Maybe $4.24 billion dollars isn't a lot to some people, but to me, that's a lot of cash.

When so many of our neighbors at Microsoft, Boeing, Starbucks and other companies are losing their jobs every day, all I can think of is how these families are struggling to pay for housing, food, health care and college.

Now, more than ever, is not the time to be extravagant with taxpayer's money.

We don't need a tunnel because there is another option that is faster, cheaper and less risky. Replacing the viaduct with the surface/transit proposal is the best available option because it is financially responsible, better for the environment and leaves our options open for the future. It removes the dangerous viaduct earlier and we could still build a tunnel or another elevated roadway. And it will carry enough traffic to get by for several years.

In 2007, voters were asked if they wanted a tunnel and they soundly rejected the idea. I'm not talking about a handful of citizens or a hand-picked group of big shots in the Chamber of Commerce that have a lot more access to politicians than ordinary citizens do. Every Seattle citizen was asked and their answer was, "No!" They weren't wishy-washy about it either. It was a resounding rejection, with 70 percent of people voting against it.

The scariest part of this scheme is that $4.24 billion may be a lowball amount for this luxury option because we do not have enough facts. Washington state Department of Transportation's own project-estimating manual says that at this level of design, it's typical to have the project ultimately cost as much as 200 percent more than current estimates. That would put the total cost at $12.72 billion.

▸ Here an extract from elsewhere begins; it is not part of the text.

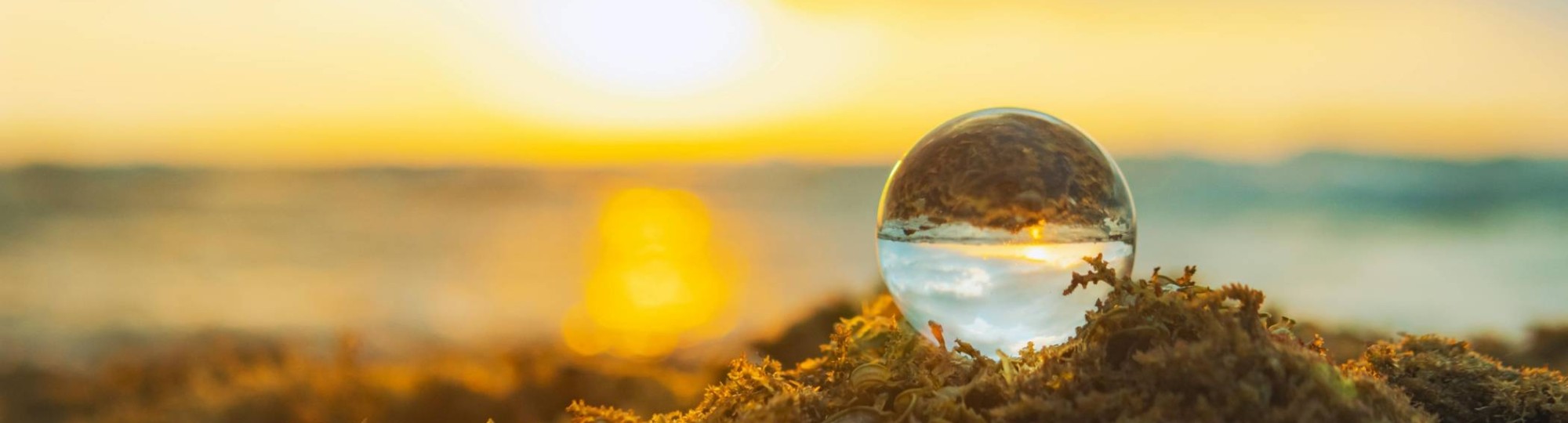 Waterbol met mooie zonsondergang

As a member of the House Transportation Committee, I think it's reckless to put taxpayers on the hook for more than $4 billion dollars when we have only 1 percent of the answers we need to make a responsible decision.

The other problem with the tunnel scheme is who would have to pay for it. And pay for it. And pay for it again.

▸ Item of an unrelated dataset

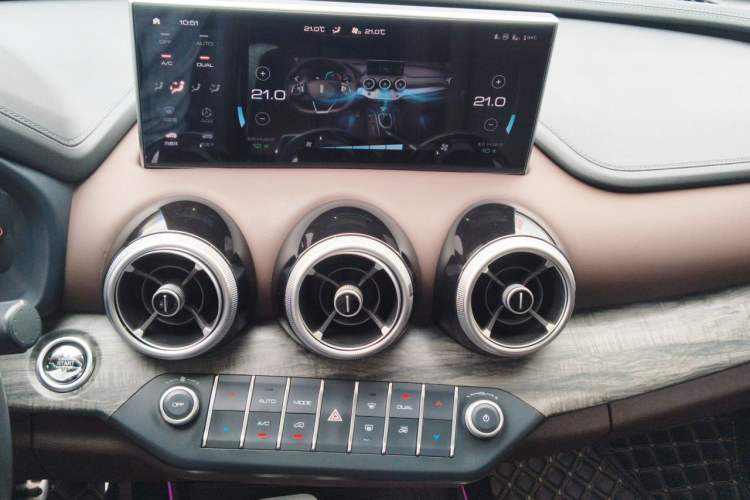 Used Wey VV7 GT 2020 2.0T Flagship Edition Audio And AC Panel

Residents of King County would pay the state gas tax each time they fill up their tank and about $200 or more for car tabs each year. Then, the taxpayers in the Port of Seattle's district — which again is everyone in King County — will be on the hook for another $300 million from property taxes. Through the shell game of tax-increment financing and other city taxes, Seattle's citizens alone will shoulder nearly a billion dollars. And finally, if the state Senate transportation chair has her way, we'd each have to pay a toll to drive in the new tunnel.

Over in Eastern Washington and other parts of the state, the state actually pays for state highways. What confuses me is why local taxpayers should be taxed time after time to pay for infrastructure that is vital to the entire state's economy. State highway projects anywhere else in the state would be paid for with state funds, not local taxes.

We've all seen this movie before too many times. In the beginning, all the politicians and experts tell you the tunnel will be great, it won't cost more than $4.24 billion, tops, and it'll get finished on time. No problem.

By the time the lights come back on and the credits roll, your wallet is lighter by three or four times the original amount, the tunnel is finished a couple years late and it leaks.

It's time for doses of reality and common sense.

It's time King County citizens to say no and make sure politicians listen this time.

Rep. Geoff Simpson, D-Covington, is a professional firefighter, member of the House Transportation Committee and chairman of the Local Government and Housing Committee.